(Beginning of SOURCE DATA)
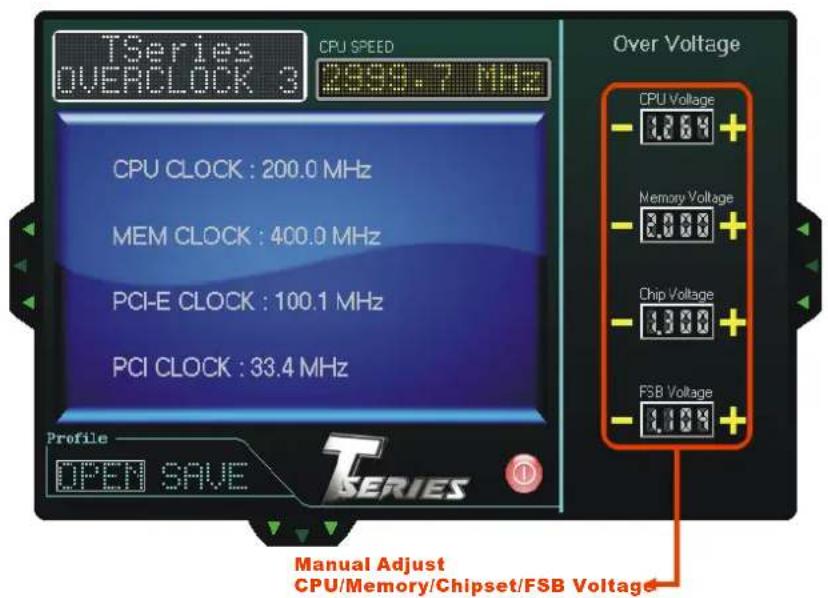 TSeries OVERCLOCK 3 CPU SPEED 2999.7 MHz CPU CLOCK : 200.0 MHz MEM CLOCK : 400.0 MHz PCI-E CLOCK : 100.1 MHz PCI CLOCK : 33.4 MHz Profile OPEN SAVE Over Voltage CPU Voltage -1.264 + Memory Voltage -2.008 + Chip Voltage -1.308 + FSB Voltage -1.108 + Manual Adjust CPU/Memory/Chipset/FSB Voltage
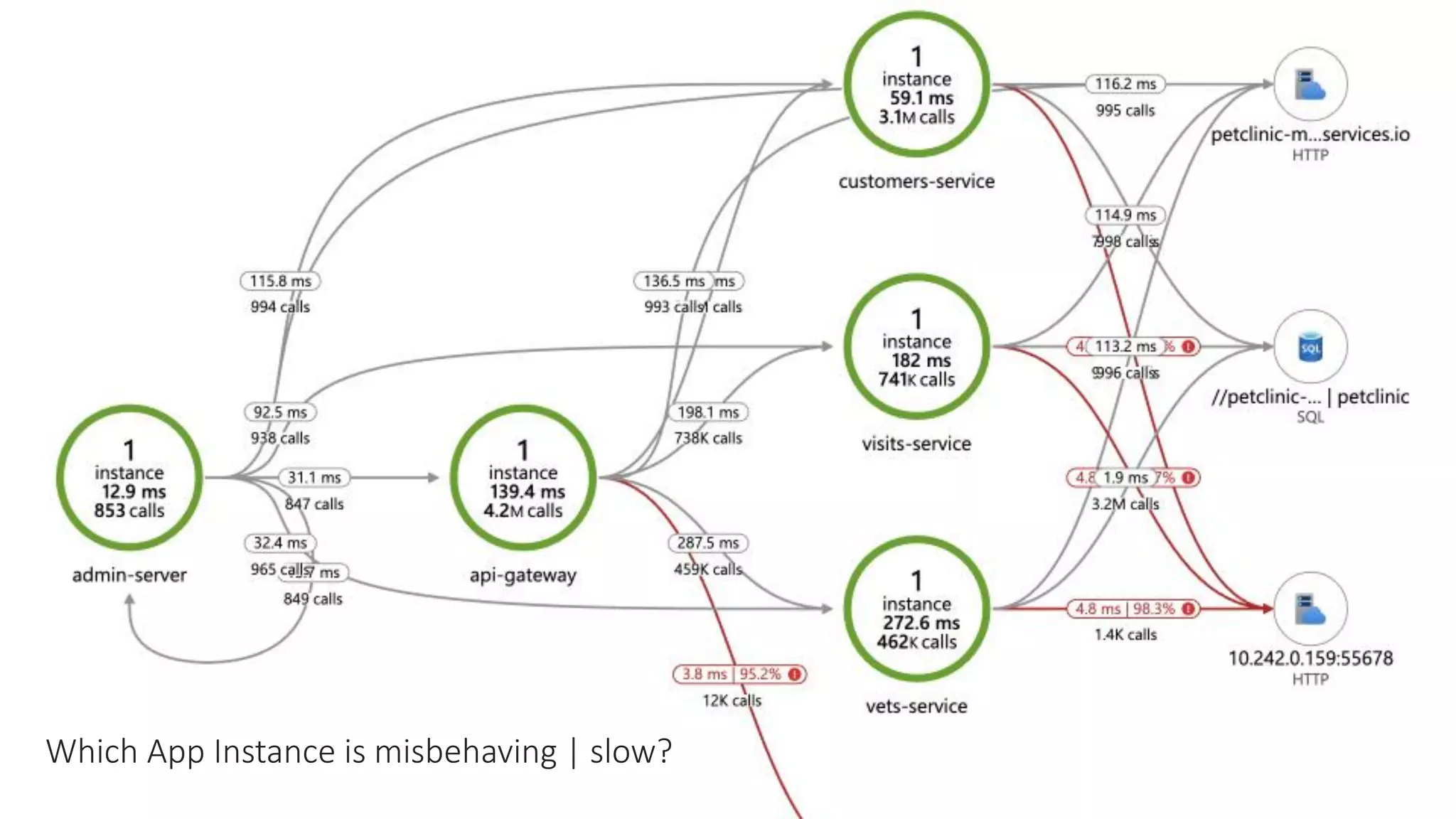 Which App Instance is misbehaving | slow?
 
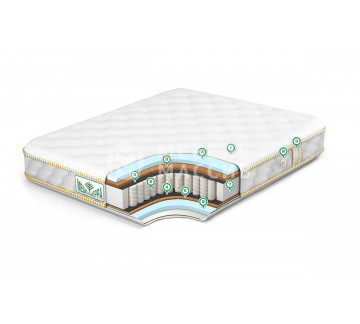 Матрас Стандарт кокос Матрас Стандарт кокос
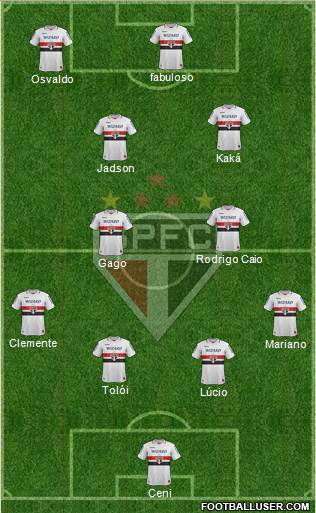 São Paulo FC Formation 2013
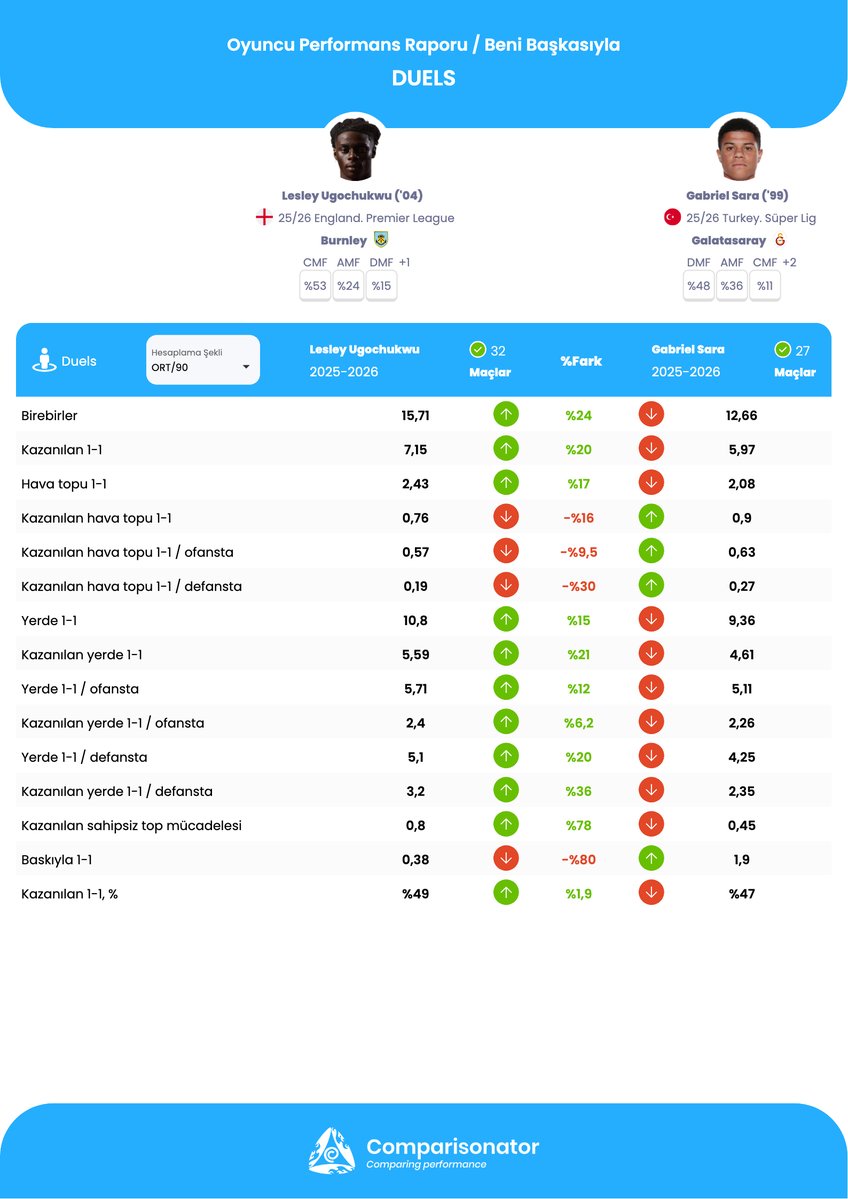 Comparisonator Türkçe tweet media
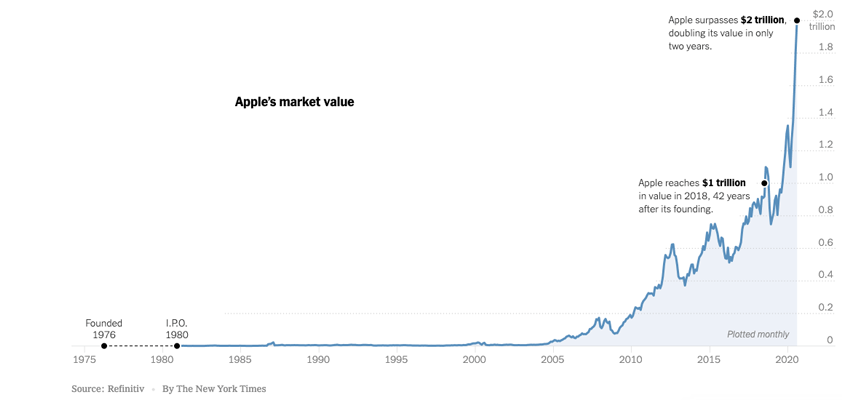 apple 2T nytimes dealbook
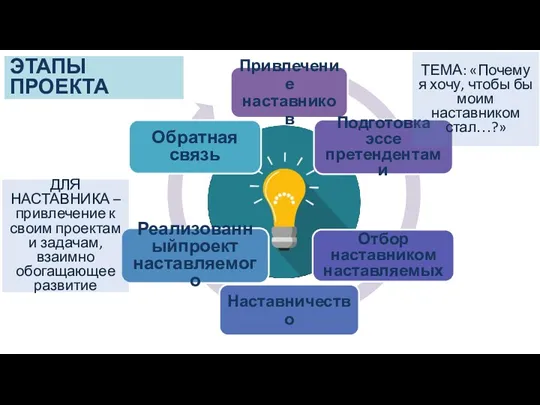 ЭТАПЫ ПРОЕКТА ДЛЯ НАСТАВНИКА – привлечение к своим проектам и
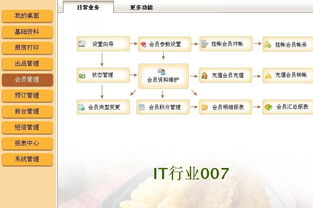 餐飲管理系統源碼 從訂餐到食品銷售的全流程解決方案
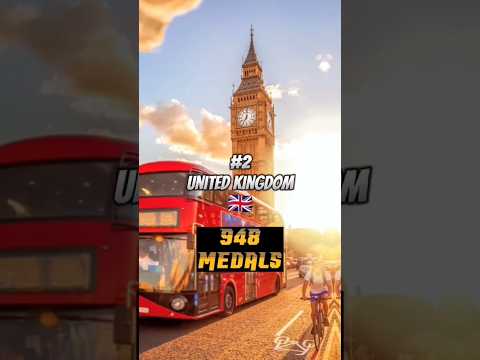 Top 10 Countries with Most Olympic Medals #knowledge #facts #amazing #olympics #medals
(End of SOURCE DATA)
(Beginning of SOURCE DATA)
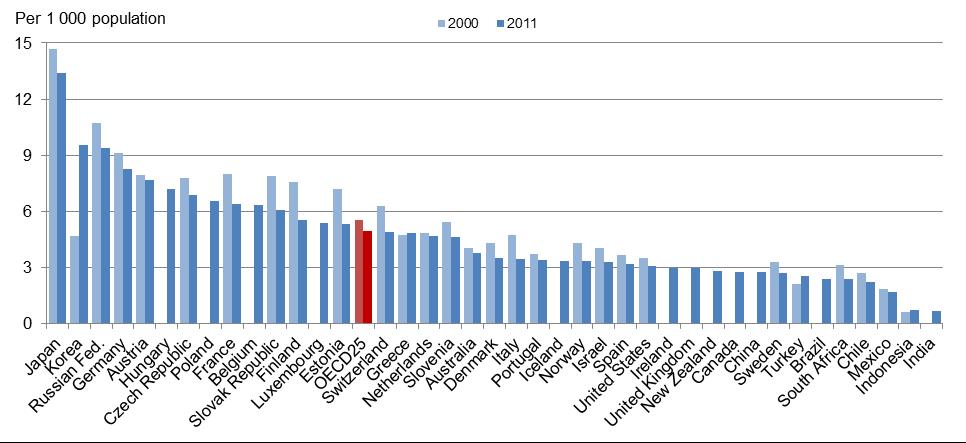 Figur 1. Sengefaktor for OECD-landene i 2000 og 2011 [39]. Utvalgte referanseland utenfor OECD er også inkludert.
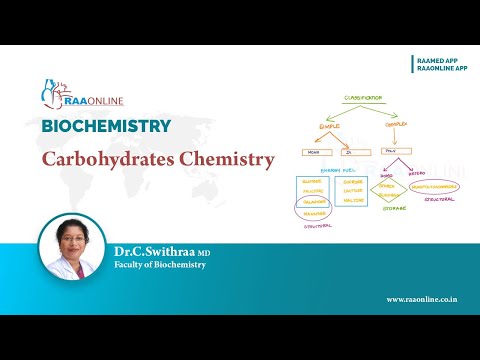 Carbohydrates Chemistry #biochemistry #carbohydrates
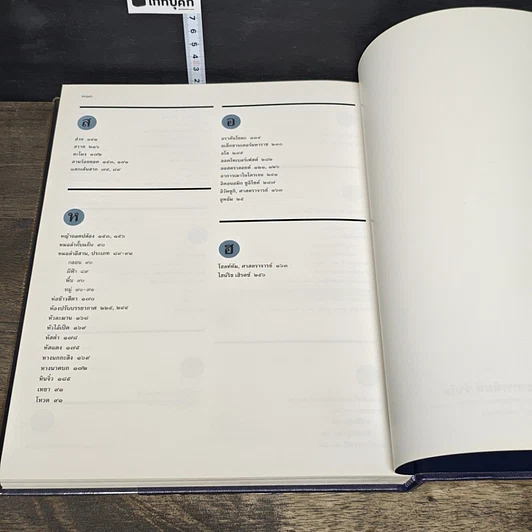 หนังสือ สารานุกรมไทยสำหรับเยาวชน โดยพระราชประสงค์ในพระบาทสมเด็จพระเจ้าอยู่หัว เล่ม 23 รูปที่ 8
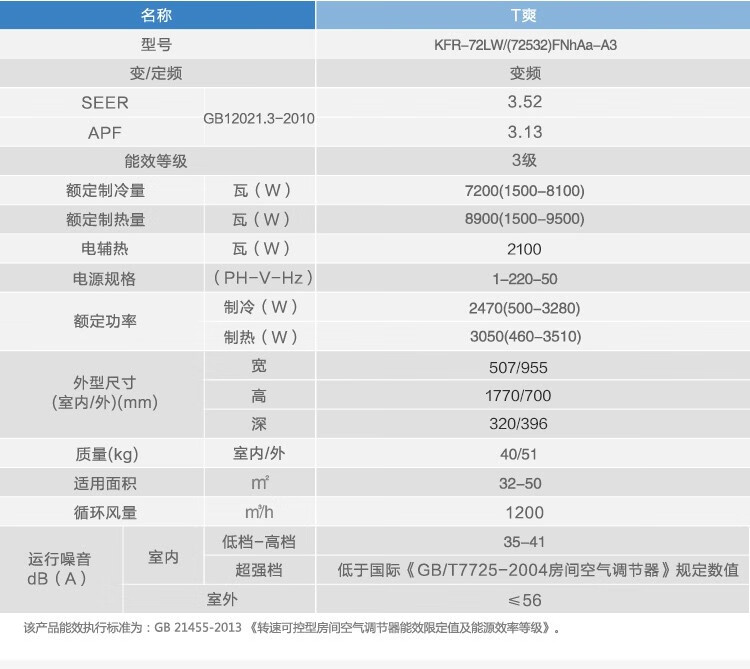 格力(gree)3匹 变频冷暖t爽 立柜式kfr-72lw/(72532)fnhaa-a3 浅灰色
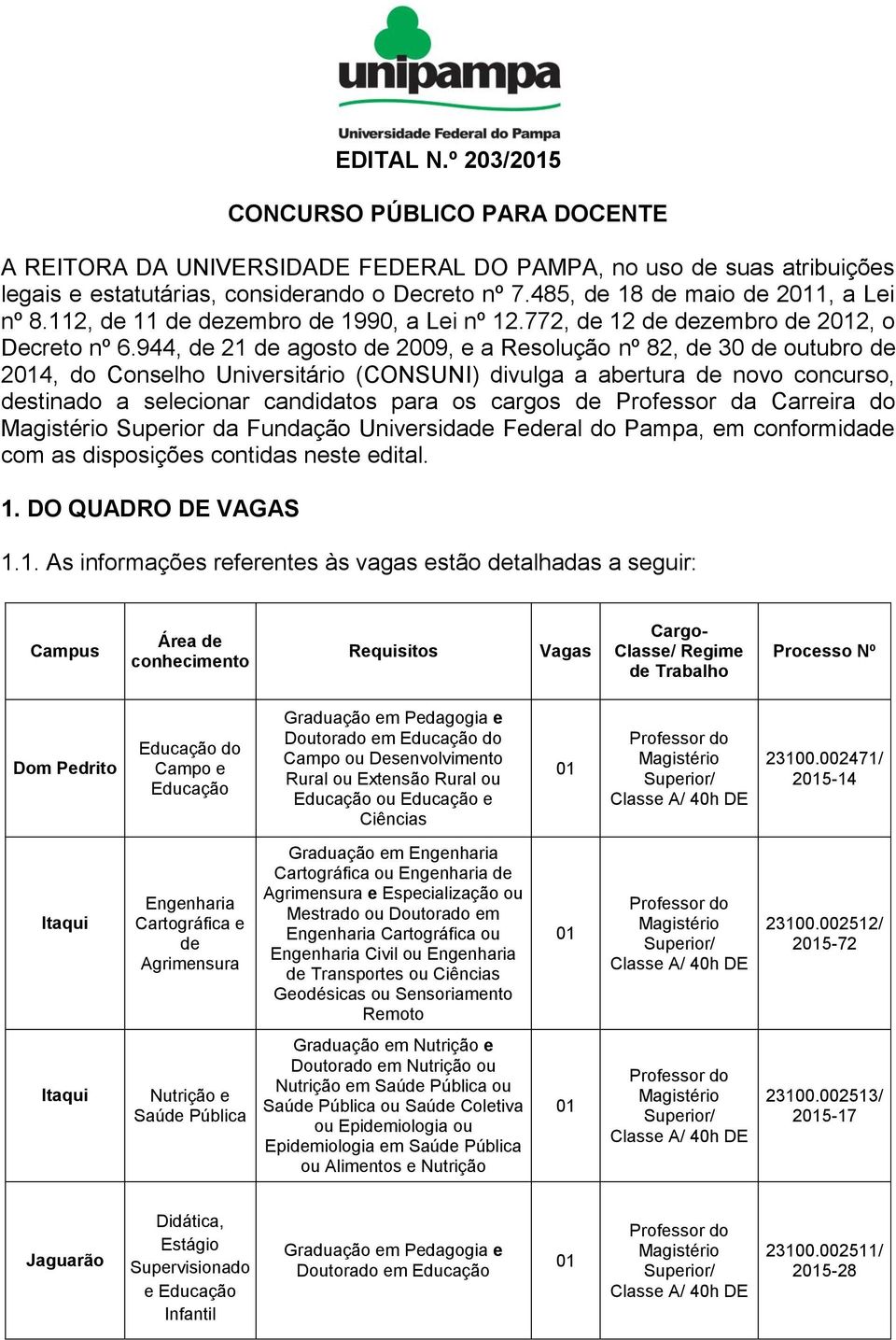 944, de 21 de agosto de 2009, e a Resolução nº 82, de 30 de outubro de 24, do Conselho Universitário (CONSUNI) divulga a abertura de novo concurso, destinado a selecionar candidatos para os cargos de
(End of SOURCE DATA)
(Beginning of SOURCE DATA)
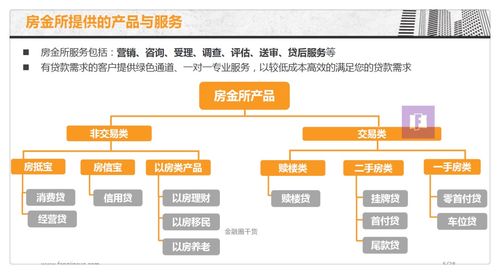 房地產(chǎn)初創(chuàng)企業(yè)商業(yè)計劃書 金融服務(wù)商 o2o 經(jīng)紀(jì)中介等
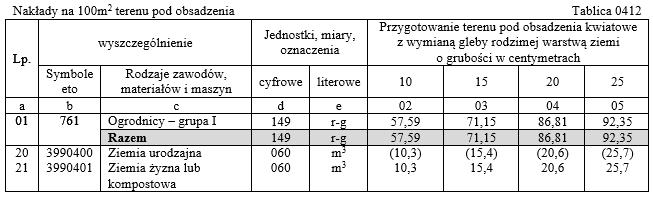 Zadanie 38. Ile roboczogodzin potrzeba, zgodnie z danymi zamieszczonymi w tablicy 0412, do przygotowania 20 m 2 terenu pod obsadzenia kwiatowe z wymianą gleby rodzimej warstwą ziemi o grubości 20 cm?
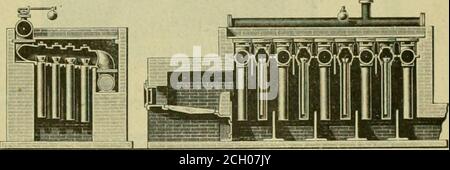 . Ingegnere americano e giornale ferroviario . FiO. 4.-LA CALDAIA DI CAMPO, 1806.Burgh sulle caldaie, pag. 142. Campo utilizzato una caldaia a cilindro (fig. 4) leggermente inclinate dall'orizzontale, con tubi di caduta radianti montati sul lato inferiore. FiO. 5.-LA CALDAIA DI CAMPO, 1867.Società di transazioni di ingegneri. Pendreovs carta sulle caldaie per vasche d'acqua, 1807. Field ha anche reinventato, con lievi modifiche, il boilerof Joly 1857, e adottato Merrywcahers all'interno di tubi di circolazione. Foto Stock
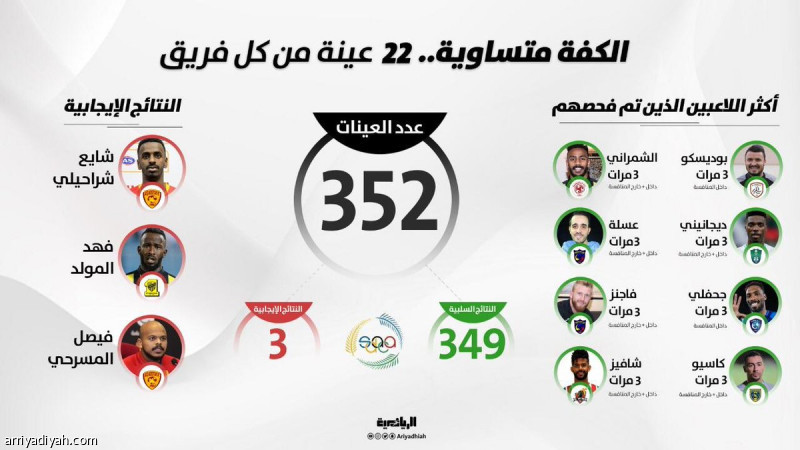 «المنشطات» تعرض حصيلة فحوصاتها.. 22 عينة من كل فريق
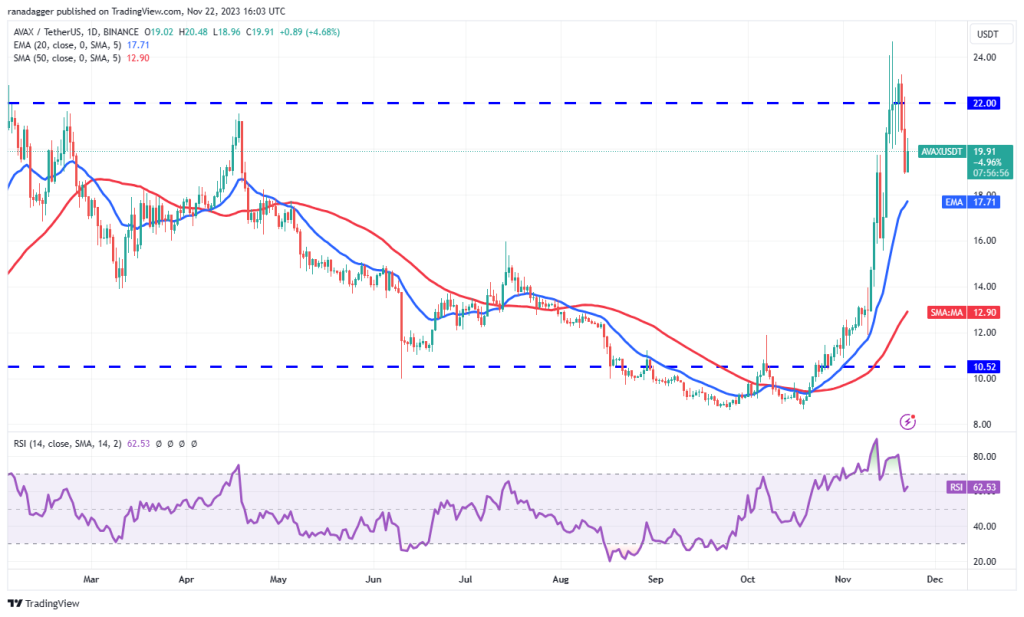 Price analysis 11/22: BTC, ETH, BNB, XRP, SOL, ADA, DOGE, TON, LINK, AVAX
(End of SOURCE DATA)
# EXERCISE GOAL
Print exactly the lines above that run from the one with "Which App Instance is misbehaving | slow?" to the one with "Top 10 Countries", both included. No pictures.

# WRITTEN SOLUTION
 Which App Instance is misbehaving | slow?
 
 Матрас Стандарт кокос Матрас Стандарт кокос
 São Paulo FC Formation 2013
 Comparisonator Türkçe tweet media
 apple 2T nytimes dealbook
 ЭТАПЫ ПРОЕКТА ДЛЯ НАСТАВНИКА – привлечение к своим проектам и
 餐飲管理系統源碼 從訂餐到食品銷售的全流程解決方案
 Top 10 Countries with Most Olympic Medals #knowledge #facts #amazing #olympics #medals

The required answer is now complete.